Captioned web image data:
* * *

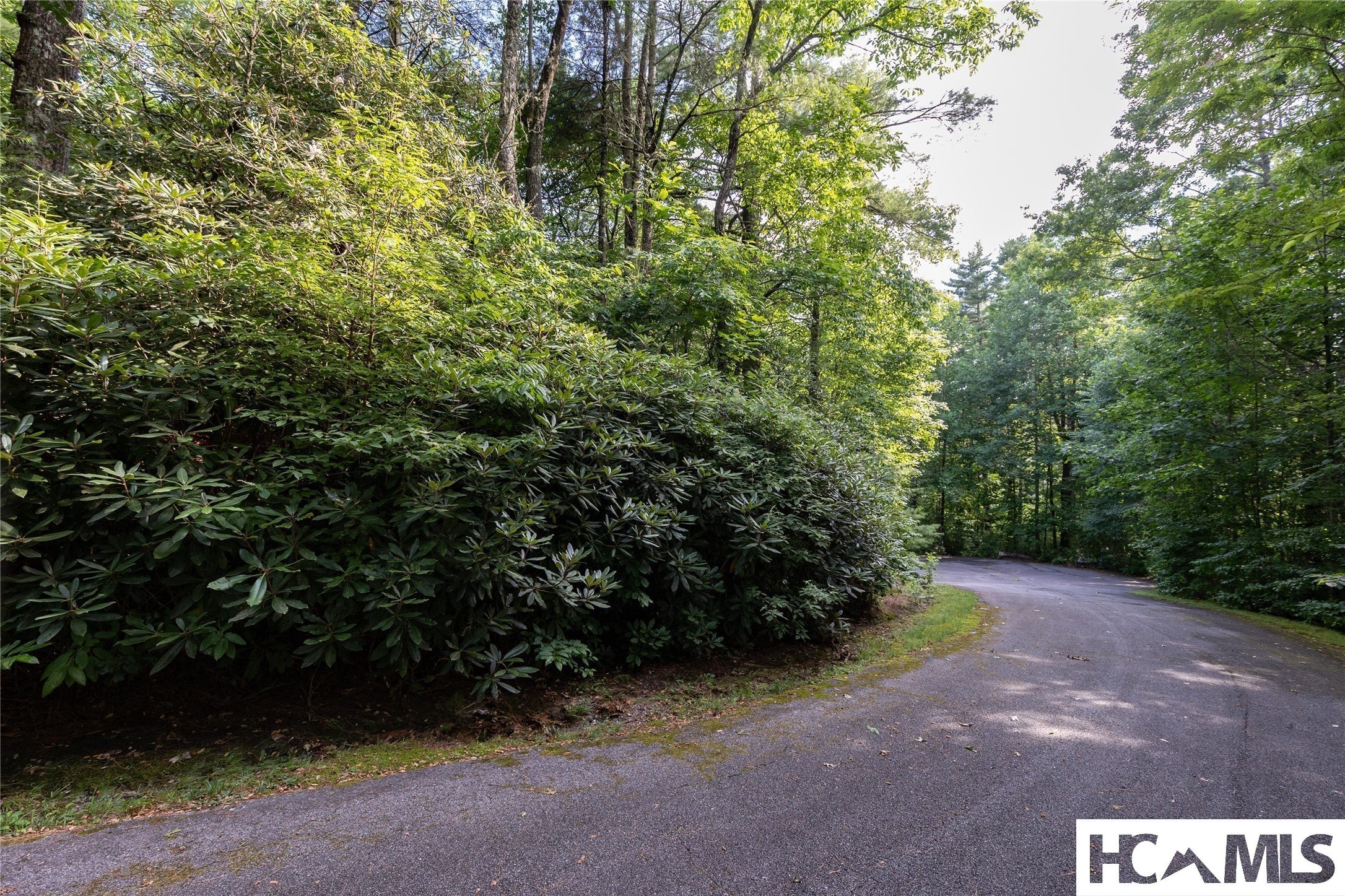 43-fr Running Fox Road Sapphire, NC 28774 - Photo 6 of 48 Gallery Image 6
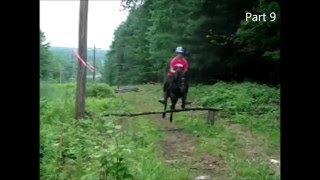 Horse MEP (Closed) Parts due 1/15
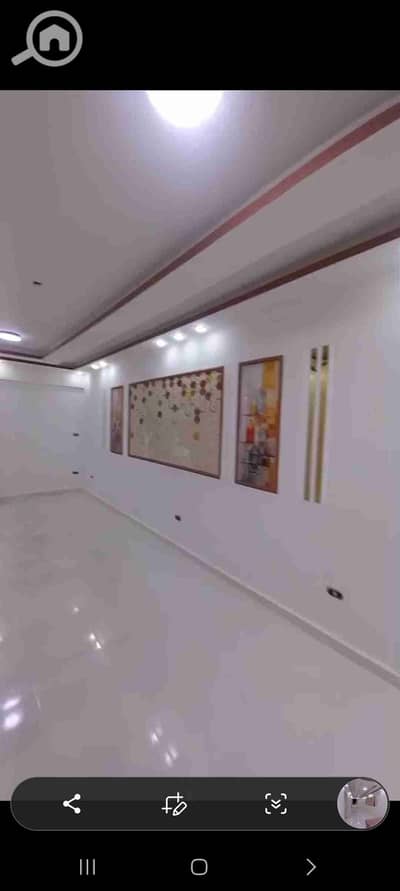 فلیٹ 2 غرفة نوم للبيع في النخيل، الإسكندرية - 1000450829. jpg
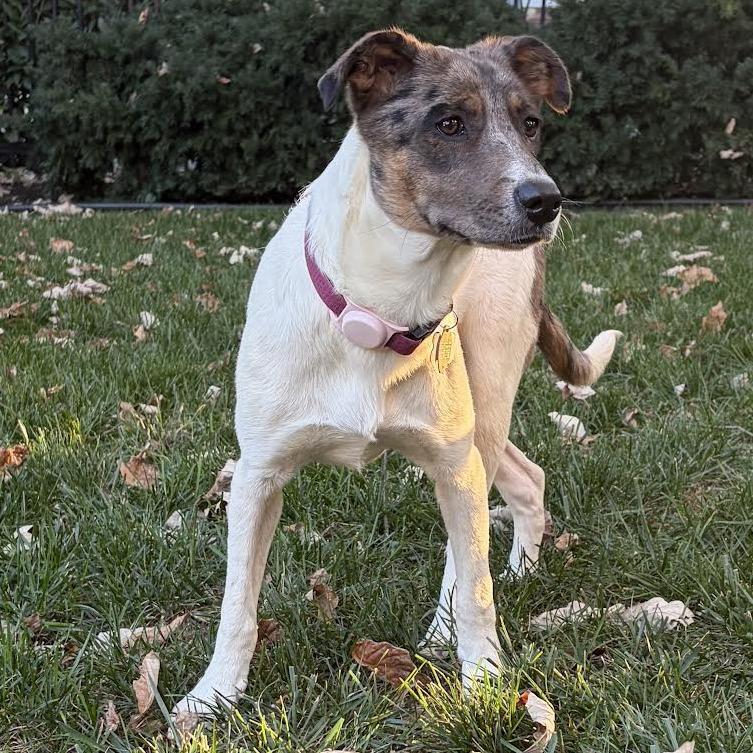 Enlarge Francis, a Adoptable Australian Cattle Dog / Blue Heeler in Staten Island, NY image 1/3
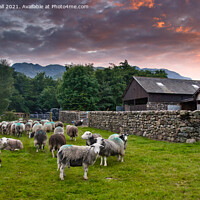 Buy canvas prints of Sheep awaiting shearing Langdale Valley Lake District by Greg Marshall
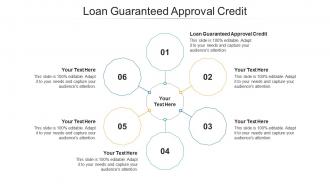 Loan guaranteed approval credit ppt powerpoint presentation portfolio structure cpb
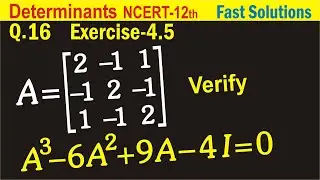 Exercise 4.5 (Q15, Q16) Determinants Class 12 Maths NCERT Chapter-4 | Determinants Ex-4.5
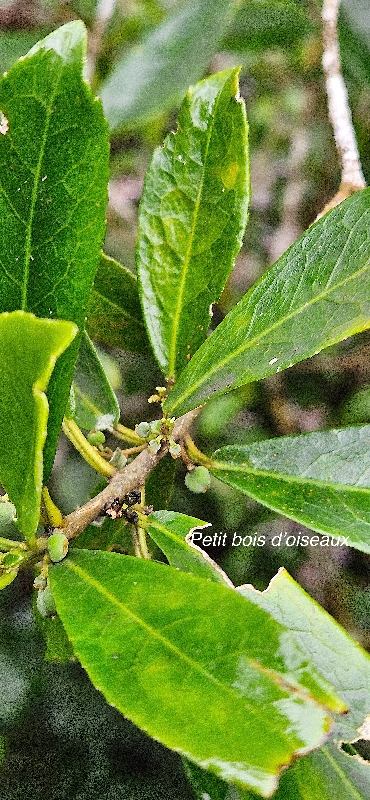 3 Claoxylon parviflorum Petit bois d'OISEAUX Euphorbiaceae ENDEMIQUE MASCAREIGNES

* * *

→ **What the exercise asks**
Set the pictures aside and reproduce the data above exactly.

→ **Task response**
 43-fr Running Fox Road Sapphire, NC 28774 - Photo 6 of 48 Gallery Image 6
 Horse MEP (Closed) Parts due 1/15
 فلیٹ 2 غرفة نوم للبيع في النخيل، الإسكندرية - 1000450829. jpg
 Enlarge Francis, a Adoptable Australian Cattle Dog / Blue Heeler in Staten Island, NY image 1/3
 Buy canvas prints of Sheep awaiting shearing Langdale Valley Lake District by Greg Marshall
 Loan guaranteed approval credit ppt powerpoint presentation portfolio structure cpb
 Exercise 4.5 (Q15, Q16) Determinants Class 12 Maths NCERT Chapter-4 | Determinants Ex-4.5
 3 Claoxylon parviflorum Petit bois d'OISEAUX Euphorbiaceae ENDEMIQUE MASCAREIGNES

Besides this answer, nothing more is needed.